Utah Jazz: Rockets trounce Jazz 124-86
By aaron falk
The Salt Lake TribuneFirst published Mar 17 2014 06:14PM
Houston • Rockets rookie Isaiah Canaan was dribbling out the final possession of a blowout Monday, the seconds on the clock ticking down to the end of another embarrassing loss for the Utah Jazz, when John Lucas III had had enough.
The game had been decided long before Lucas checked in late in the third quarter, but Houston had kept firing, pushing its lead to as much as 41 late in the fourth. So with Canaan’s back turned, Lucas poked the ball away and dribbled it over the half-court line and toward the Jazz bench.
"I play to the end," Lucas said. "We’re already getting beat real bad and they still want to be showing off and doing stuff like that, so I stole the ball."
As time expired, bringing a merciful end to a 124-86 Houston win, Rockets swingman Francisco Garcia elbowed Lucas and the Jazz guard, upset by what he called a "cheap shot," shoved Garcia back and then squared up with fists. No punches were thrown.
For Lucas, who has all but fallen out of the rotation for the 22-46 Jazz, it was part of a release of a season’s worth of frustrations.
"I hate losing. I hate it with a passion," he said. "I just feel like built-up frustration — maybe for the whole year — it just triggered something and it triggered me to do what I had to do."
After the game, Jazz coach Ty Corbin said he wished Lucas had not stolen the ball, before adding, "But, you know what, the clock was still running. You’ve got a right to play."
Troubling from a basketball perspective was this: Lucas’ steal represented one of the few moments of defense on the night for a free-falling Jazz team that has now lost 10 of its last 11 games.
The story of the Jazz’s defensive shortcomings was on display early and written in the first-half box score. Over the first two quarters at the Toyota Center, the Rockets took 12 shots from the free-throw line and 12 shots from beyond the arc. From 3-point, Houston hit on seven of those attempts.

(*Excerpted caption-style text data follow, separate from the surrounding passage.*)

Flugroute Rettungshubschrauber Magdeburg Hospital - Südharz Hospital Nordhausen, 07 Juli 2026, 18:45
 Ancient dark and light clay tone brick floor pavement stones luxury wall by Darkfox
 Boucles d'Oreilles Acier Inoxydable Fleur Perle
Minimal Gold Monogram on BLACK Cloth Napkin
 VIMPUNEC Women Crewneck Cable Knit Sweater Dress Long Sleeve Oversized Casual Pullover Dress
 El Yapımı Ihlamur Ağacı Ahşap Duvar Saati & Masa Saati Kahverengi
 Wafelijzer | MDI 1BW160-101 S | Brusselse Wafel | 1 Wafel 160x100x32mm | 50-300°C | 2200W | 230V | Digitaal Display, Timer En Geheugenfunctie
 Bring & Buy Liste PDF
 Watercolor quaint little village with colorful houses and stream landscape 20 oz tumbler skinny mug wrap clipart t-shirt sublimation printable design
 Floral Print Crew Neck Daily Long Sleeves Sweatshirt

From the free-throw line, without a defender to put a hand in their faces, the Rockets hit the same.
"We were awful," rookie point guard Trey Burke said.
A night after Utah let the San Antonio Spurs shoot a season-best 63 percent, the Rockets hit on 58.2 percent of their attempts, including 13 of 25 from 3-point territory.
Even with All-Star center Dwight Howard sitting out the game with a mild ankle strain, the Jazz were overmatched. Terrence Jones scored 13 of his 30 points in the third quarter. Point guard Patrick Beverley had 19 points and seven rebounds. Jeremy Lin scored 17 points and dished nine assists.
Utah’s rotations were slow.
Man-to-man defense offered little resistance.
"We gave up everything," Corbin said. "We gave up points in the paint, transition baskets, 3-pointers. We didn’t do a good job of taking any one thing away from them tonight."
Jazz forward Derrick Favors and guard Alec Burks each scored 15 points in the loss, but offense was not what the 6-foot-10 Favors had on his mind after the game.
"We’re going to have to come together as a team and we have to go out there and get stops," he said. "Don’t worry about offense, none of that. We just have to go out there and get stops because that was embarrassing."
With a game against a Memphis team fighting for playoff position next on the schedule, Corbin said he wants Monday’s defeat to be a lesson in preparation.
"We acted like we were a little tired," Corbin said. "We’ve talked about guys learning their way through this time of year, back-to-back games. And they showed their experience and we showed our inexperience. This is a lesson for the young guys. You have to learn how to get yourself ready every night at different stages of the year. Tonight we just couldn’t get it going. It was like we were running in mud. We couldn’t get ourselves out of it."
In the locker room after, Lucas said he had cooled down and called his decision to steal the ball "messed up."
"There’s some stuff you do and you don’t do and maybe that was one of those things you don’t do," he said.
But the emotion shown was something, he said, the Jazz could use as they fight their way through the final 14 games of the season.
"Maybe not channeled that way," he said. "But when you step on the court, you have to play with some kind of passion. Night in and night out, you have to play with passion."